Tony and Wasp follow up and Wasp dies too. Thor throws his hammer and takes out
both Terrax and the machine, though he is wounded in the explosion—and yes
Surfer watches this too. Then for no reason I can tell the rest of Doom’s nukes
malfunction and blow up. Galactus arrives with Air Walker. The Avengers Big
Three go to confront him but are casually blown away by Air Walker and Galactus
reveals he has a back up machine and with that he starts to eat the planet. The
heroes realize they can’t win but to save other worlds they decide to detonate
the interdimensional reactor to take Galactus with them. Surfer agrees to help
and the entire Heroes Reborn universe ends in an explosion. In the blackness we
learn Doom has time traveled again over to Iron Man #12.

 

Critical Thoughts:
The Heroes Reborn arc is a notoriously bad era for the Avengers and for the
most part this trade lives down to that reputation. Look at how many writers
and artists thing has for a one year stint. No wonder it never gels into a
solid story. The one thing I will say in its defense is Liefeld’s original
vision for this title is actually better than the jumbled throwing everything
at the sink with a side of meta commentary abomination that Simonson turns it
into when he takes over from chapter 8 on. Don’t misunderstand: I am not
arguing that Liefeld is a better writer than Simonson. What I am saying is that
Liefeld at least presented a coherent vision of a superhero team book even if
that vision was a mostly bland retread. Simonson on the other hand is bending
himself into pretzels to undo Liefeld’s story while also finishing it up and
preparing for a larger crossover to get the characters back home. Look at the
chapter recaps: Liefeld’s chapters are more or less short and to the point,
Simonson’s are big unwieldy things because he has so many random tangents in
them.

Let’s examine the Liefeld chapters first. Chapter one really
is a good setup chapter. It pays homage to the classic history by having Loki
be the first villain and having them find a hero in ice. The change of that
frozen hero being Thor rather than Cap is understandable seeing as Cap had a
solo book in this line and Thor did not. It looked fantastic and overall is a
very good first issue for a rebooted universe.

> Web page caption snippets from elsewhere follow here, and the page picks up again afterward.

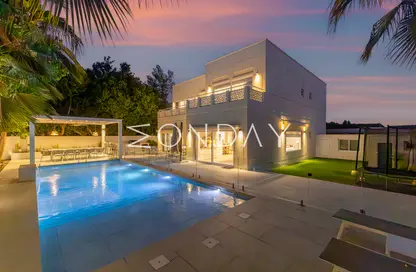Villa - 5 Bedrooms - 5 Bathrooms for sale in Meadows - Dubai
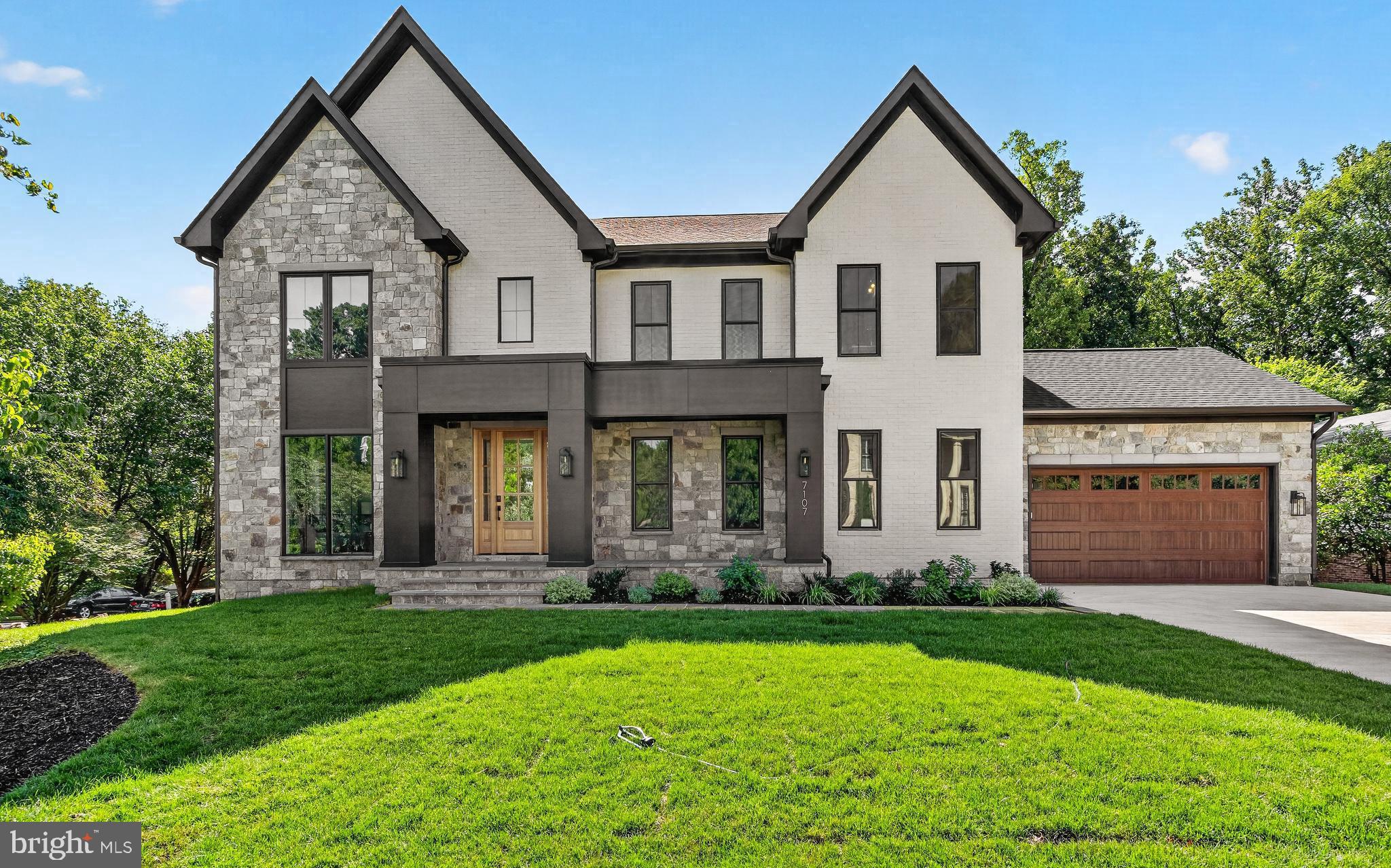 7107 Penguin Pl, Falls Church, VA 22043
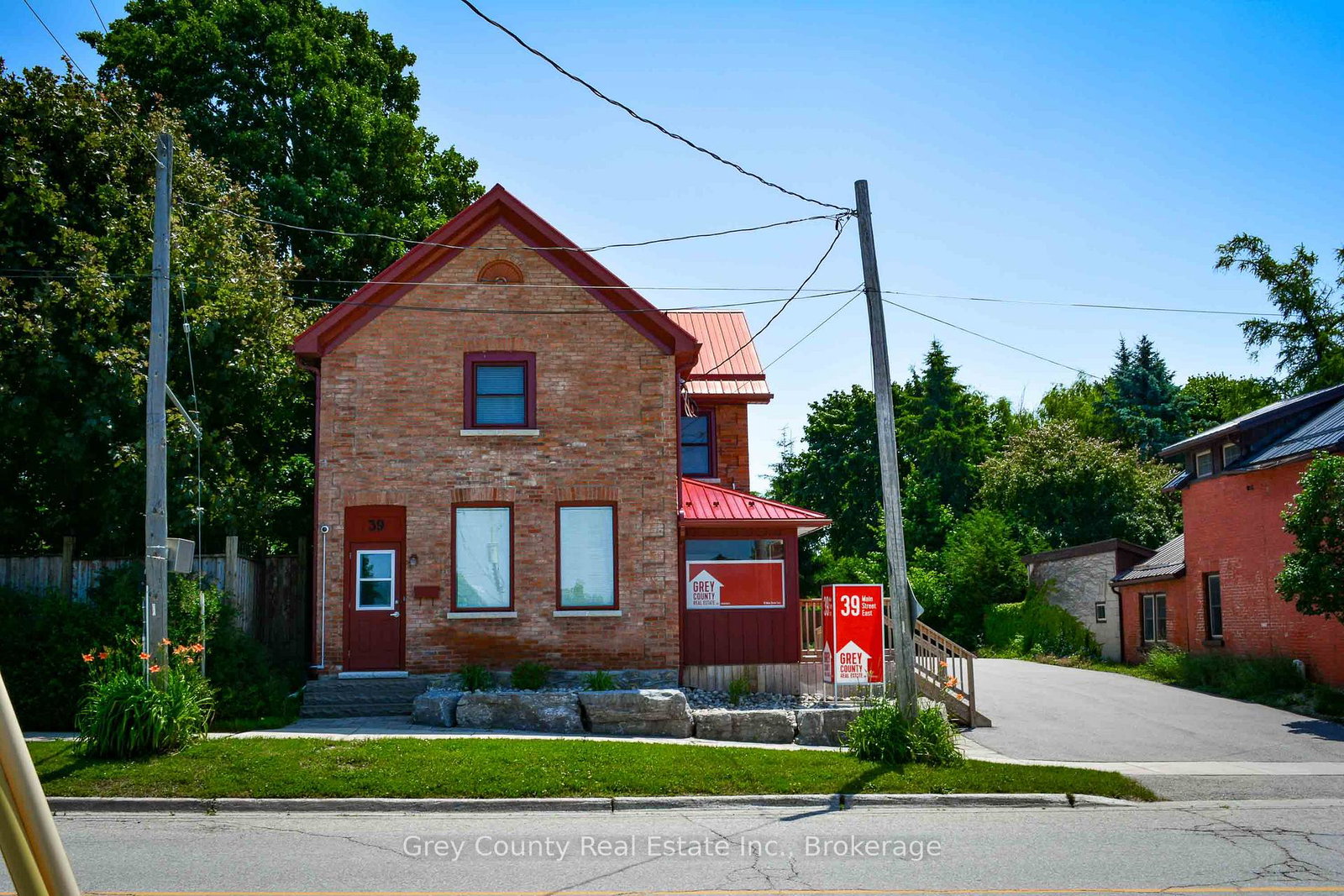 39-main-st-street-e-grey-highlands-ontario-x12260707
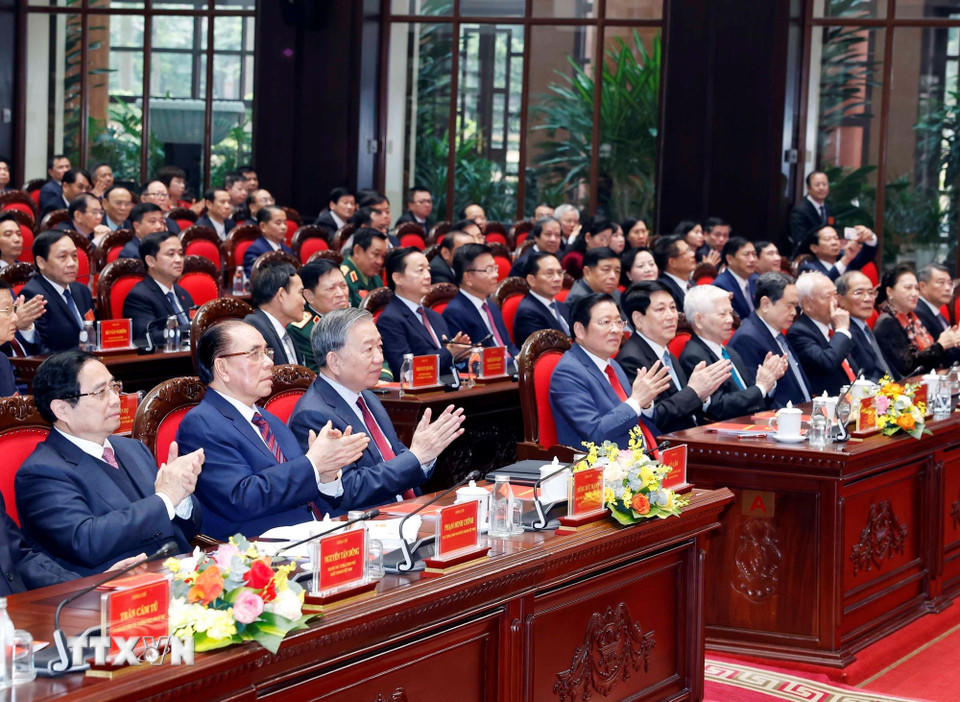 Tổng Bí thư Tô Lâm và các đại biểu tại Lễ kỷ niệm. (Ảnh: Thống Nhất/TTXVN)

I think the subplots in that first issue all work well. We
start with Loki immediately being aware that the universe isn’t real, and that
is a good way to get the reader invested in what was a controversial reboot at
the time.  I’m pretty sure Loki’s last
prior appearance to this involved being in the Ultraverse with the Infinity
Gauntlet so it is entirely possible the real Loki could have ended up here
after that inter-dimensional mess ended, making it a nice long-term subplot to
keep the reader guessing. I think the interpretation of Thor as being out of
touch with the modern era and still thinking like a Viking is a fun take on the
character for this universe. I also like the plot twist of Scarlet Witch being
Enchantress’ daughter. This is a universe with no mutants so you need to
explain her powers and you don’t have Magneto. This concept is an alternative
that is inline with spirit of her original origins: she is still the daughter
of a master criminal who is sometimes capable of nobility for the greater good
and it later gets her on the Masters of Evil which in the original Silver Age
was very similar to the Brotherhood of Evil Mutants. It was a very promising
start.

However it quickly becomes obvious that Liefeld doesn’t have
much new to say about these characters after that first issue. Now in his
defense I feel the same way about the Ultimate Universe too. If you are going
to reboot these classic characters in a new timeline are you saying anything
new to make the reboot worthwhile or are we just retelling the same stories
with better science jargon and updated technology in the peripherals of the
story? Because if it is the latter, why bother?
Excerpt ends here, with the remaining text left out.